Of all the headlines announcing Stephen Harper’s new-found environmentalism, the Toronto Sun’s lead editorial on Monday, January 8, was the most inspired. “Election rests on gang green,” wrote the Sun, the double entendre lost on the shoals of rooting for the home team. Nonetheless, an election where the environment is king represents a welcome change. Decades after Silent Spring and Limits to Growth, but with Canadians now anxious about robins warbling out of season and confused trees thinking “Shall we bud?,” our prime minister had little choice. He has acknowledged that our environment is hurt and damaged, that we are not sanguine about midwinter warming or our place in nature.

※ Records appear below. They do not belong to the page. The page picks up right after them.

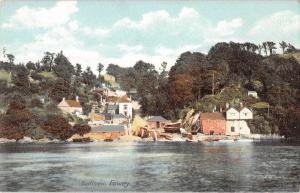 BR81901 bandinnoc fowey uk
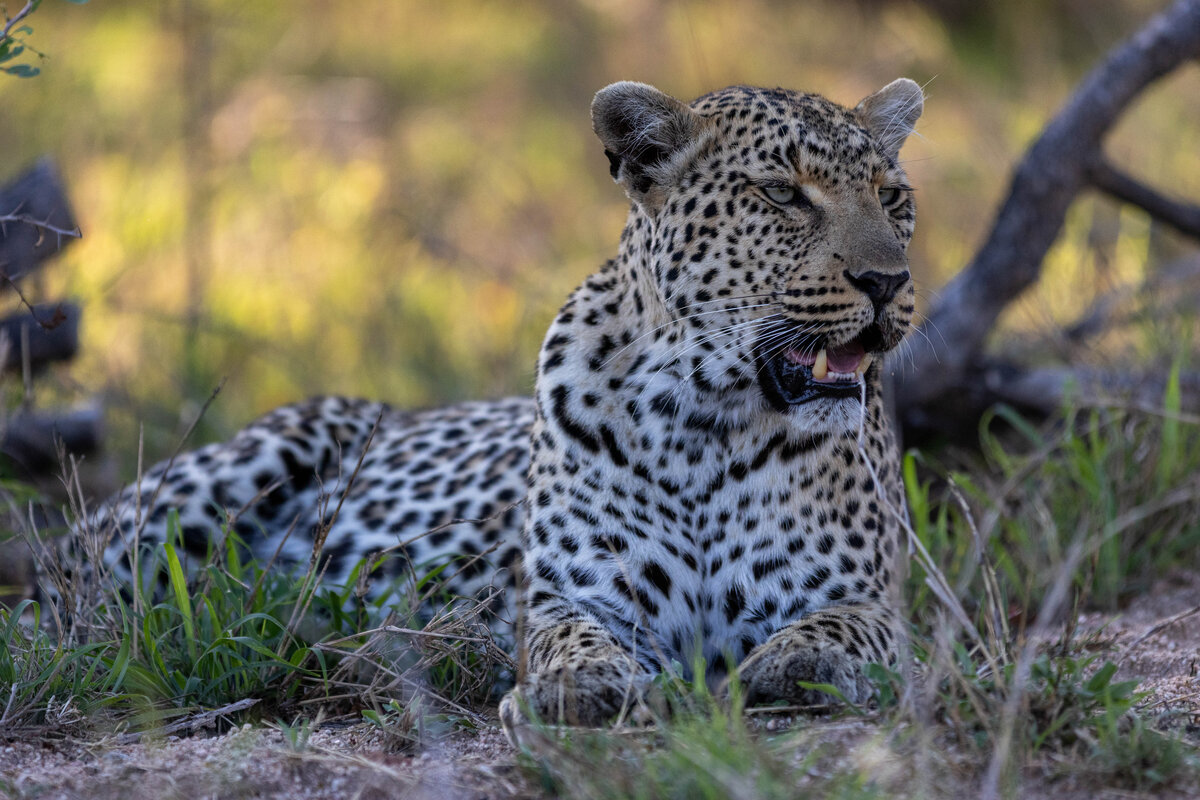 Tiyani leopard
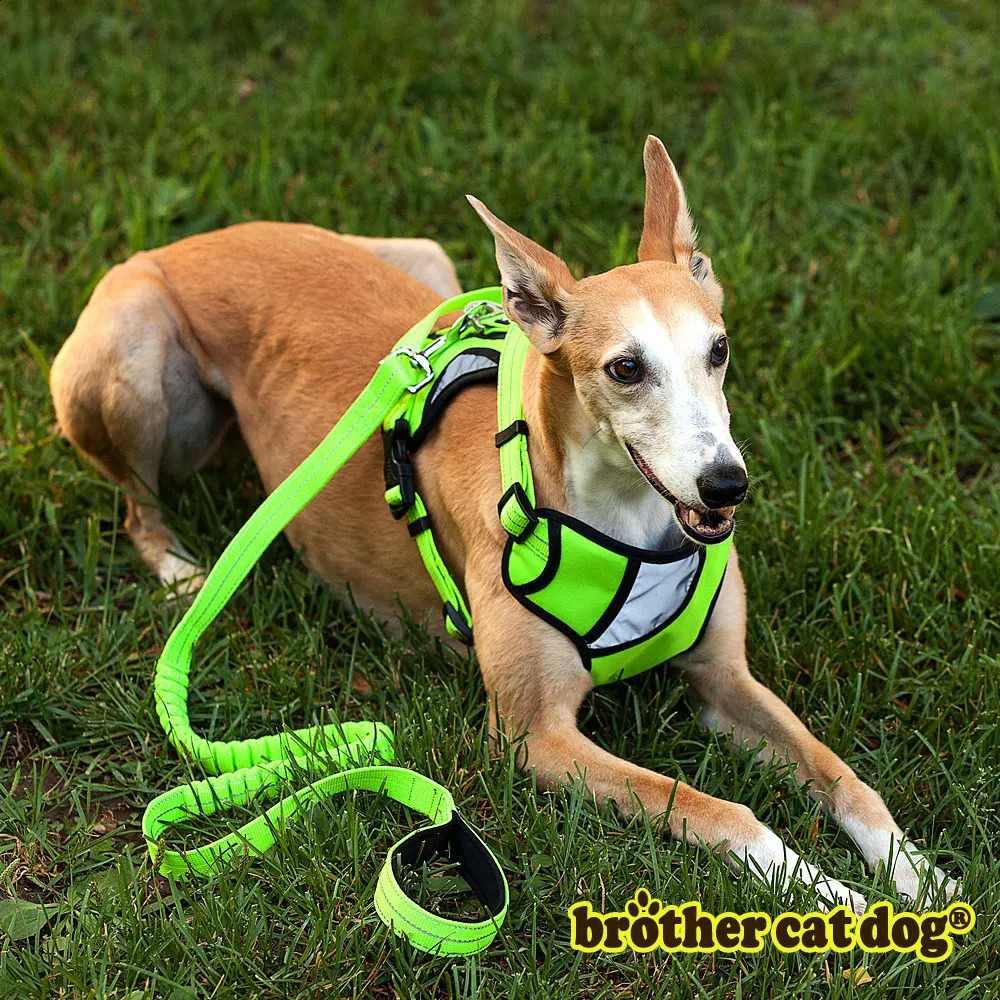 No Pull Pet Harness No Choke Front Lead Dog Harness Adjustable Soft Padded Dog Vest for Medium Large Dogs 250224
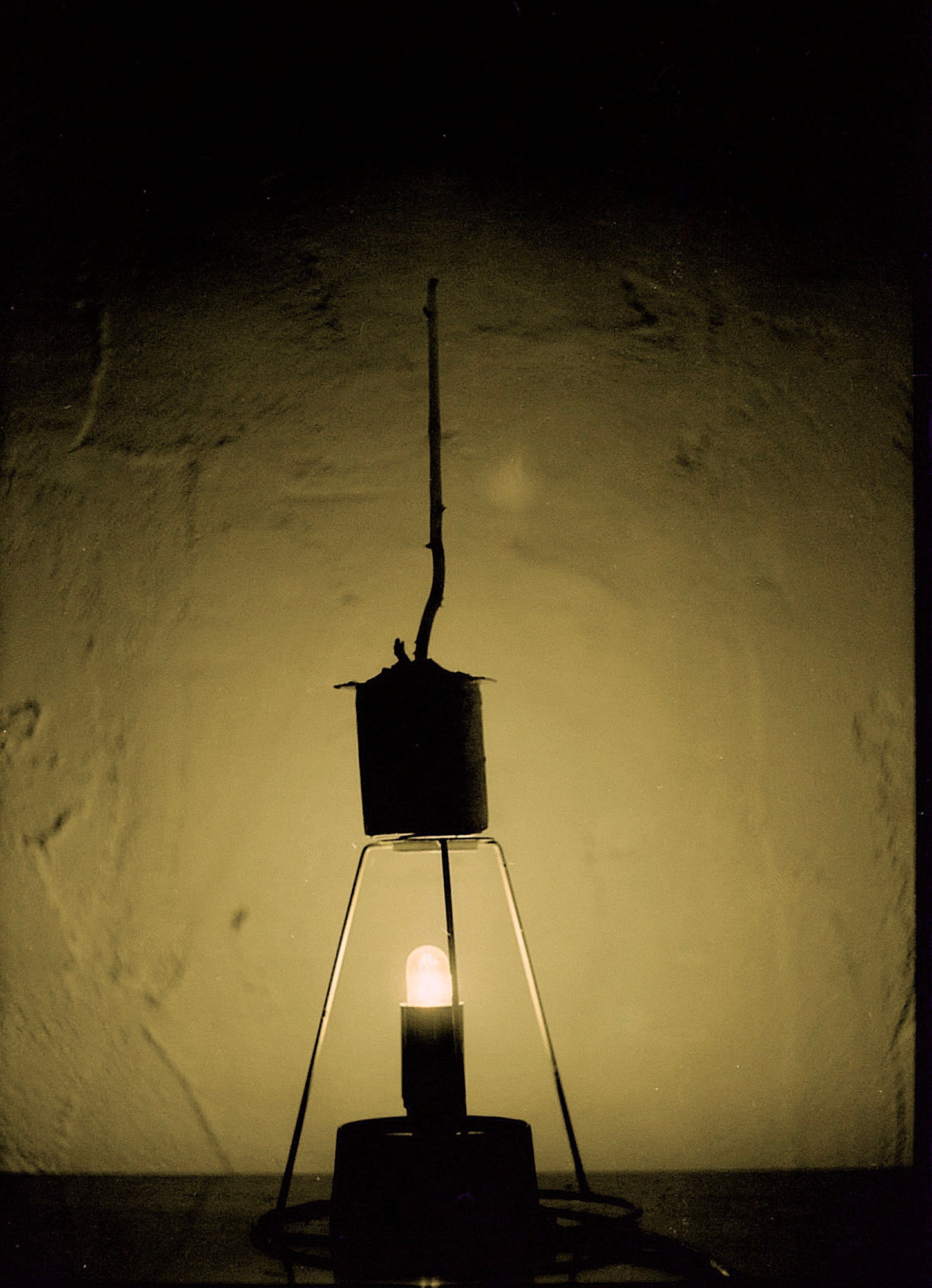 Antonio Ortega, Register (Indoor), 1994-1996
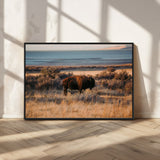 39509187-MGV-CV-36X24-Western Wildlife Wall Art Canvas Print, Framed Bison Art Picture Print, Golden Hour Perfect Western Rustic Decor Artwork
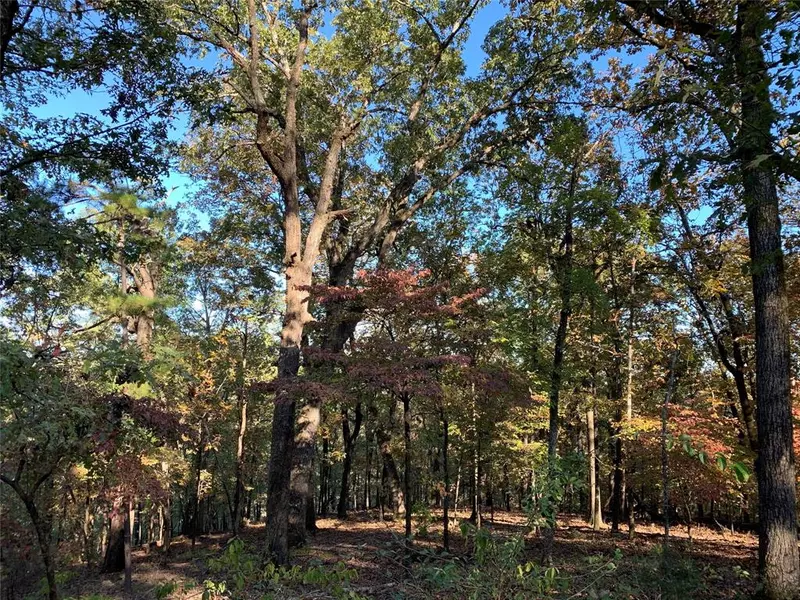 Lot 26 Little Creek Lane, Broken Bow, OK 74728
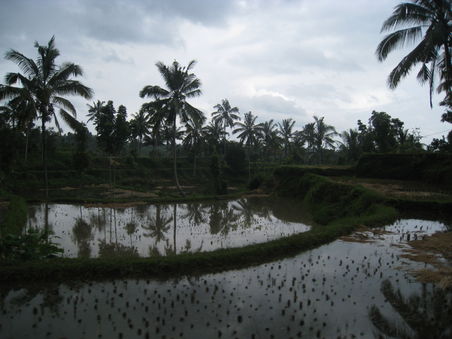 reisfelder in lombok
(habe den chip mit den fotos vom wasserfall vergessen grml..)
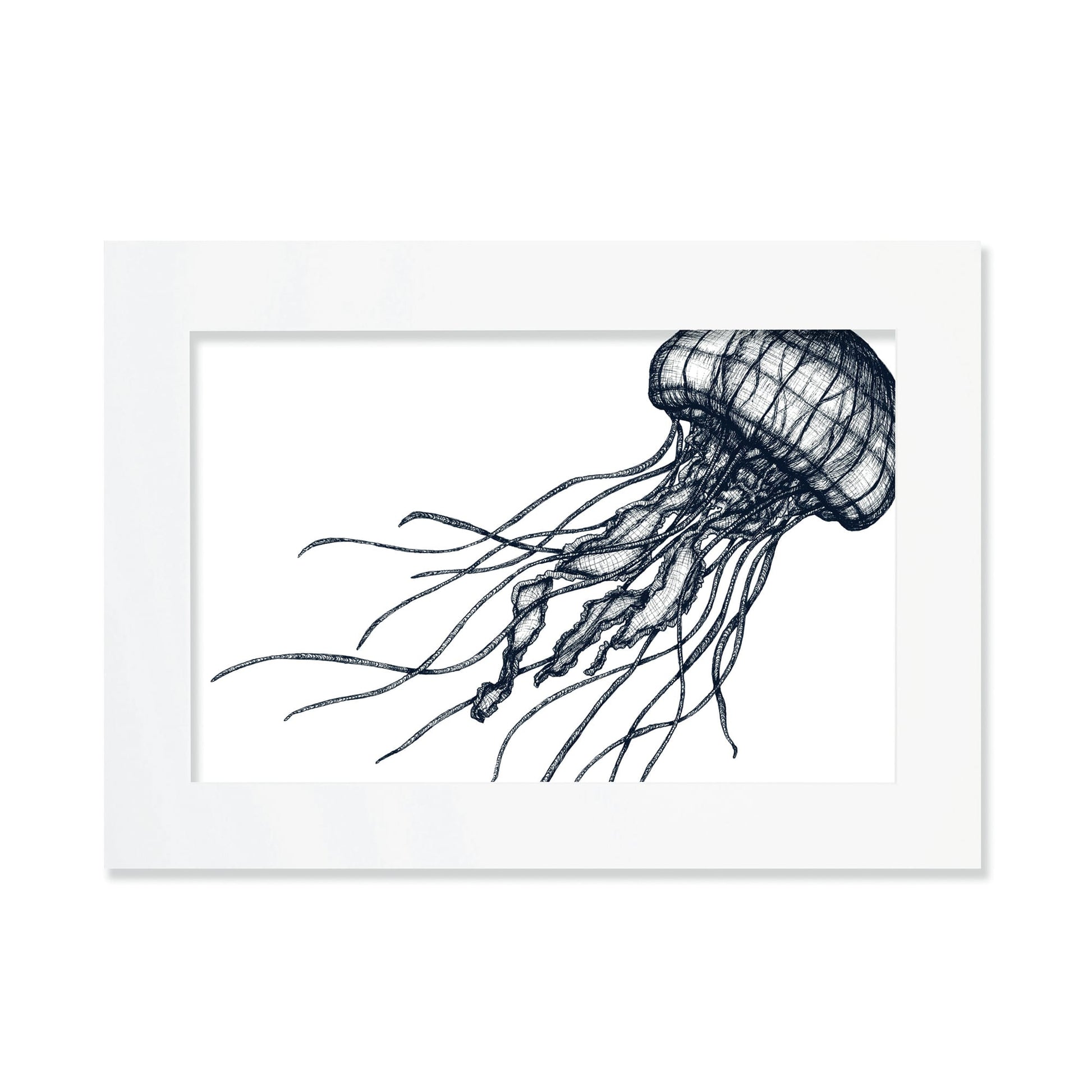 An A3 mounted blue-and-white illustration of a jellyfish with delicate, flowing tentacles, drawn with fine lines and shading, set against a white background in a white mount and frame.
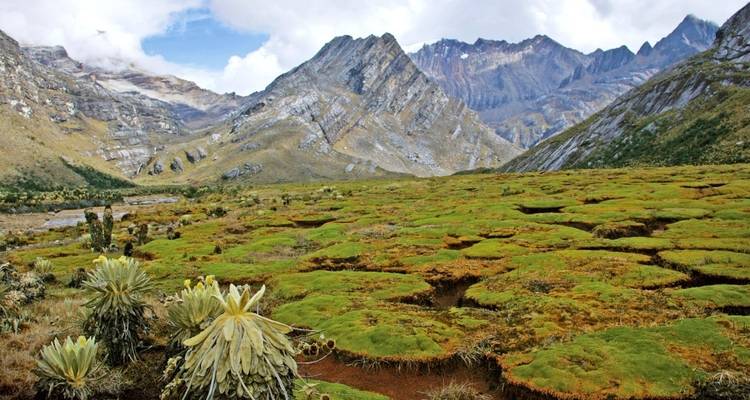 Paisaje montañoso con formaciones de hierba únicas.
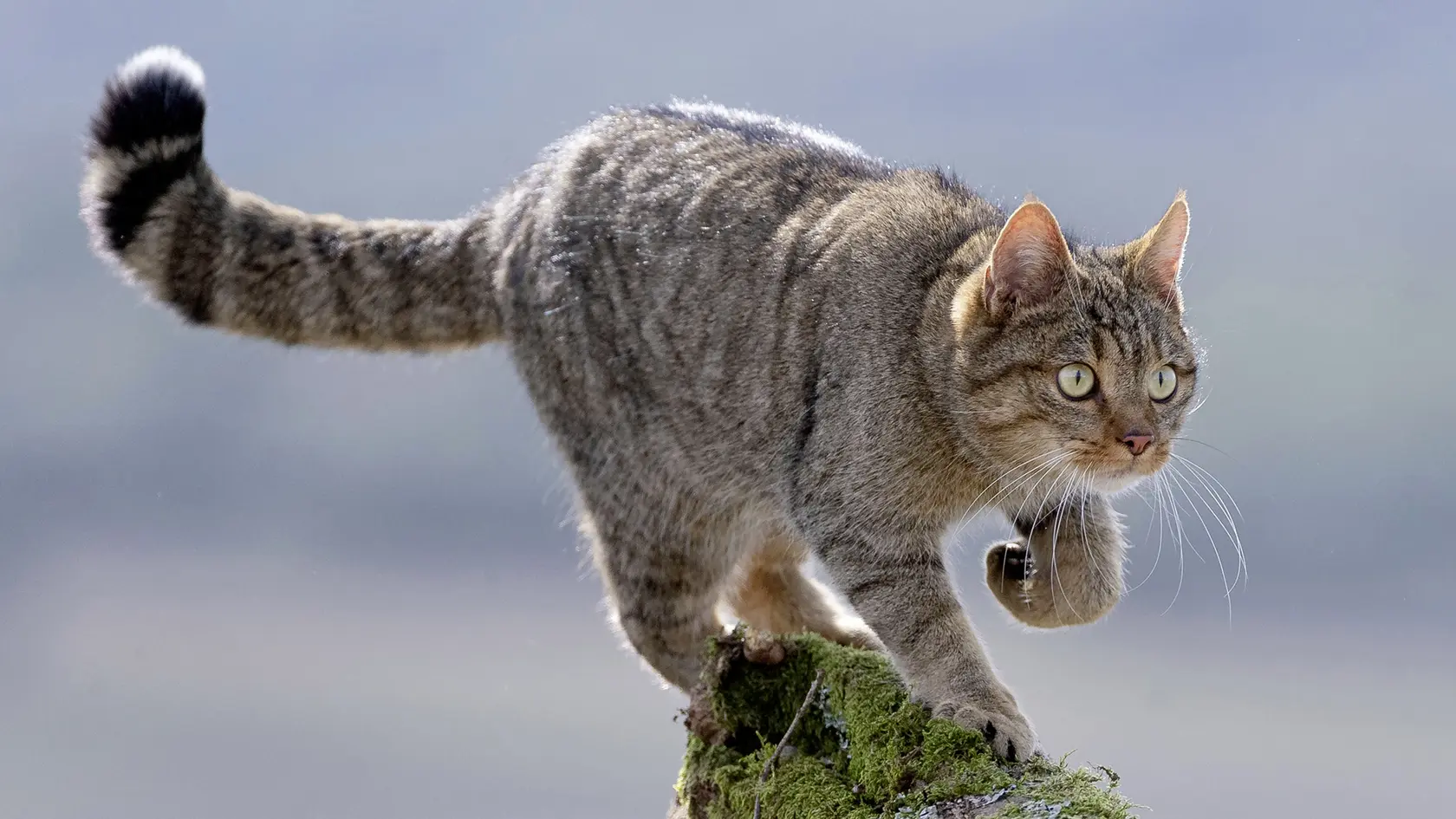 Mačka divá (Felis silvestris silvestris)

With green-technology champion Stéphane Dion in the Liberal driver’s seat and focus groups declaiming the Conservatives’ Clean Air Act as soiled and contemptuous of scientific thought, Harper has developed a new storyline. At once apologetic, accusatory, and prosaic, on January 7 he told CTV that for twelve years the Liberals were idle and the world grew hot. I’m sorry, ladies and gentlemen, he said, but the result is that “this country is headed to be 50 percent above its Kyoto target in 2012.” Rising to the defence of practicality, a tongue-tied Harper continued: “We can’t tell the Canadian population to heat their home one-third less of the time… so we’ve got a major challenge, and we’re going to get on with it.”
The moment was not right for announcing clear policies—the new environment minister, John Baird, was engaged in consultations, was busily separating truth from falsity—but, in fact, the die has been cast and the primary reason for missing Kyoto laid bare. On July 14, 2006, before a business audience in London, England, Harper was at no loss for words. Describing the way forward, he said that Canada would be a “global energy powerhouse” and that his government would build it.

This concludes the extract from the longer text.